Si le quinquennat Macron a été l’occasion d’un autoritarisme croissant, entérinant dans la loi des pratiques et possibilités répressives toujours plus importantes, mais surtout défendant bec et ongle l’ensemble du corps policier. La polarisation à l’encontre des immigrés est très claire et constitue la pointe avancée de la politique qui serait menée par l’ensemble des candidats des droites. Mais l’on sent également dans les interventions au « grand oral » organisé par le syndicat Alliance-Police, quelque chose de plus profond qui se joue.

Le glissement se fait sentir : il faut préparer la répression de demain à l’encontre des mobilisations sociales, et réarmer les forces gouvernementales qui s’en chargeront. Comme le note Médiapart à nouveau, « Ainsi, à la première revendication du syndicat, celle de limiter le droit fondamental de manifester en facilitant et en élargissant les interdictions administratives, tous ont répondu positivement ». Valérie Pécresse déclare donc :« Il faut aller vers une action administrative pour empêcher les ultra-violents de manifester ». Marine le Pen propose quant à elle en outre de la « dissolution des blacks blocks », « l’élargissement des « mesures individuelles de contrôles administratifs aux fichés S qui appartiennent à des mouvances violentes ». Zemmour, pour sa part fustige les manifestations de Gilets jaunes et le « laxisme » du gouvernement à l’encontre de la mobilisation. Darmanin, lui, rappelle que le gouvernement s’est confronté au Conseil Constitutionnel avec son article« anti-casseurs ». Mais que les policiers n’aient crainte, le gouvernement « y retravaille » a promis le ministre de l’intérieur.

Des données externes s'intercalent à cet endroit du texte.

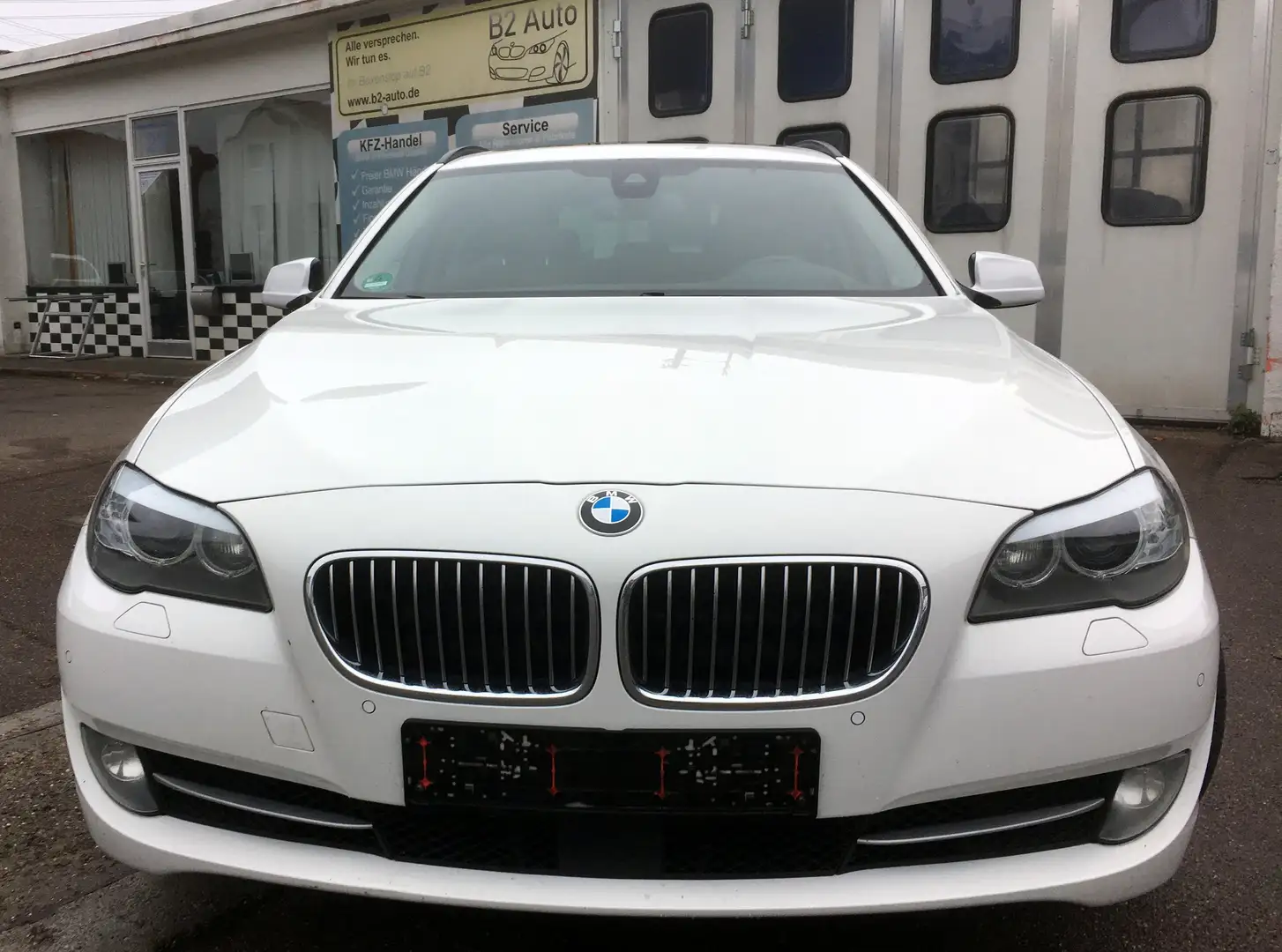 BMW 525 dXA ALLRAD*SPORT*HEAD UP*STHZ*PANO*KAMERA*R18* TOP Blanc - 2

Ce que ces annonces de campagne préfigurent chez les quatre auditionnés, c’est donc un nouveau renforcement de l’appareil policier et des violences policières qui vont avec dans les quartiers populaires, ainsi que celles qui s’abattent sur les mouvements sociaux et les piquets de grève du mouvement ouvrier. En arrière-plan, l’objectif est clair : renforcer le bras armé de l’Etat et mettre tous les moyens nécessaires pour mater les futurs phénomènes sociaux et toute possibilité de révolte.